Premiado nos principais festivais internacionais e com
mais de 40 filmes no currículo,
sendo "Cristóvão Colombo" o
mais recente, Oliveira revisita a
vida e a obra, passando pelo
Porto da sua infância, os filmes
que o marcaram desde o mudo,
sem esquecer a relação nem
sempre fácil com o público.
Mas parar está fora de questão, e o português que praticamente viu nascer o cinema deseja apenas filmar até ao fim, como diz na entrevista a seguir,
concedida à Folha em sua casa,
na cidade do Porto.
FOLHA - Como começou essa longa
aventura de diretor?
MANOEL DE OLIVEIRA - Comecei
em 1929 com uma Kinamo,
uma máquina pequenina, que
levava 30 metros de película,
comprada pelo meu pai. Cada
cena não podia ter mais que 8
metros de película. Muito influenciado pela técnica de Walther Ruttman [1887-1941], pensei em dirigir um filme sobre a Ribeira [zona histórica da cidade do Porto].

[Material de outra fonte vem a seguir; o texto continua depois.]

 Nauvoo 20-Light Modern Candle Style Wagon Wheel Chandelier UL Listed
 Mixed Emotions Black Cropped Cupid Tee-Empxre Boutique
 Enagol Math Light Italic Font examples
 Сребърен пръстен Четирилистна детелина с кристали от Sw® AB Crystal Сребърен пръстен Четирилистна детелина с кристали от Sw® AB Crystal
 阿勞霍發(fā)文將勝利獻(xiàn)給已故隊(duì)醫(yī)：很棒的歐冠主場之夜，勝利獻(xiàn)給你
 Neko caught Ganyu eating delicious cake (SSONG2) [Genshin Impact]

Mas faltava-me tudo, não tinha fotógrafo, depois felizmente lá encontrei um amigo para a
fotografia que mais tarde desistiu. Aí, passei eu a fazer tudo,
depois de passar por uma escola alemã: fotografia, produção,
argumento, direção. E os atores
eram locais, por causa do dinheiro que faltava.

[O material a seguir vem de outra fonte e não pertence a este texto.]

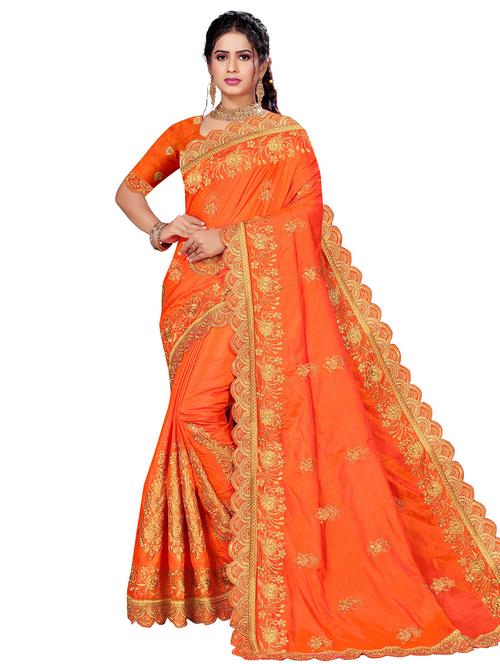 orange silk blend embroidered saree with blouse - 20757364 - Standard Image - 0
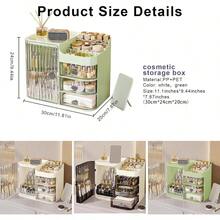 Makeup Organizers For Vanity Large Capacity Desk Organizers For Cosmetics With 3Layer Drawers And Mirror Cosmetics Display Case With Transparent Cover Ideal For Bedroom Vanity Desk Green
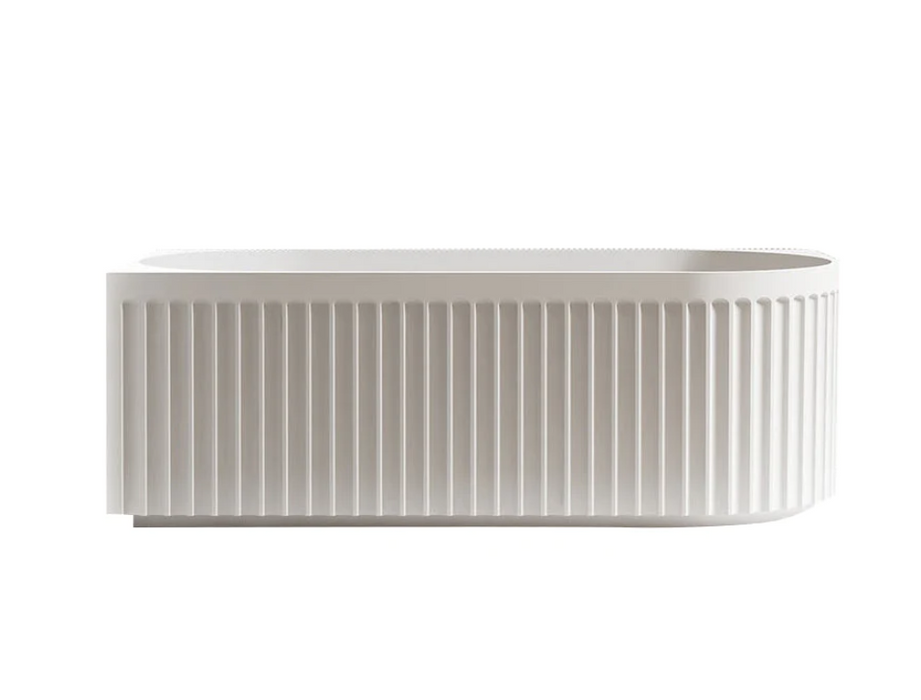 Artemis Fluted Matte White Designer Round Corner Bath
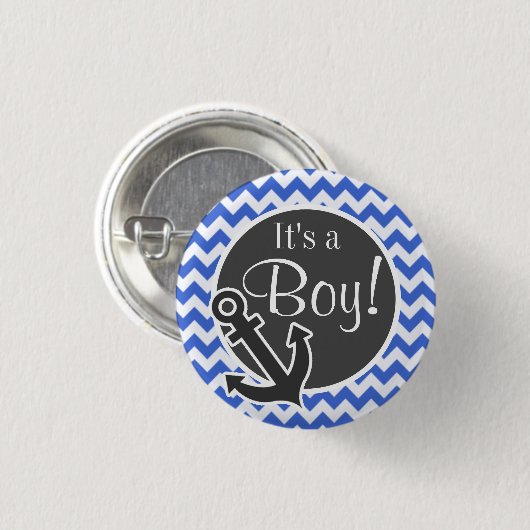 Anker; Han Blue Chevron Stripes Ronde Button 3,2 Cm (Voorkant /achterkant)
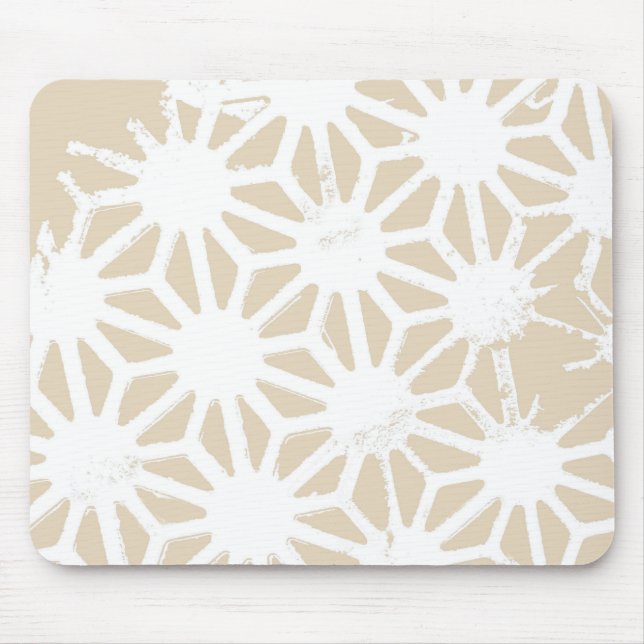 Beige geometric pattern mouse pad (Front)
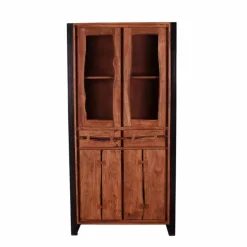 Best Wohnen Industry Vitrinenschrank Smantana aus Holz Akazie Cognac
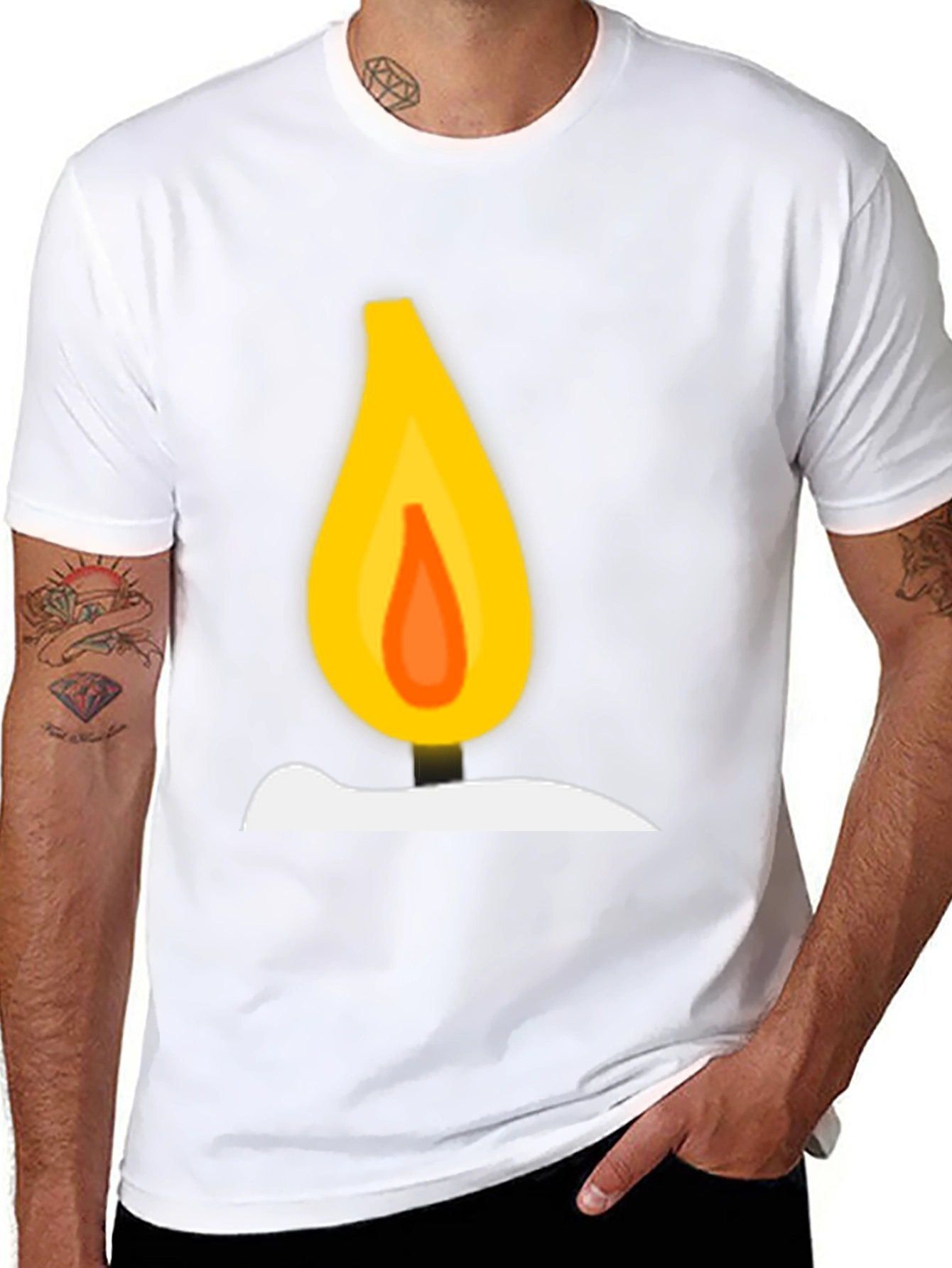 Candle Flame Graphic T-Shirt - Black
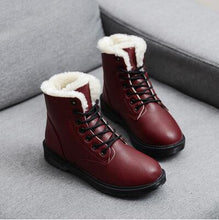 Load image into Gallery viewer, Winter Boots Snow Boots Women Shoes Woman Boots Fashion Flat PU Waterproof Ankle Boots Booties 2019 Winter Short Fur Warm Boots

FOLHA - Se começou em 1929, ainda com o cinema mudo, então é o
mais antigo diretor em atividade.
OLIVEIRA - Em atividade, talvez,
mas o mais antigo são Lumière,
e depois Méliès e por aí afora.
FOLHA - Que relação tem com o
seu passado?
OLIVEIRA - Não contemplo o
passado com ironia, mas olho
para ele como algo de carnal.
Penso nas coisas que me foram
muito familiares. E penso na
juventude, claro, a juventude
perdida que não volta.
Mas sou feliz, embora a felicidade seja sempre algo de que
nos apercebemos a posteriori.
FOLHA - Durante seus 99 anos, o cinema foi sempre a primeira paixão?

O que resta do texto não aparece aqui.